> _Problem statement_
Exactly the lines from the one containing "7 Wonders Duel Accessibility Kit" to the final line below should be output, and no others.

<<<<

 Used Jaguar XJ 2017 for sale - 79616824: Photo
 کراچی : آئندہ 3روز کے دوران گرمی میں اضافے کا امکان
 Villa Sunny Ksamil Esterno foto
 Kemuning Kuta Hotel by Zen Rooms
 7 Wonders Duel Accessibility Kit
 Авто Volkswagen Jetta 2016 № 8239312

>>>>

> _The completed task_
 7 Wonders Duel Accessibility Kit
 Авто Volkswagen Jetta 2016 № 8239312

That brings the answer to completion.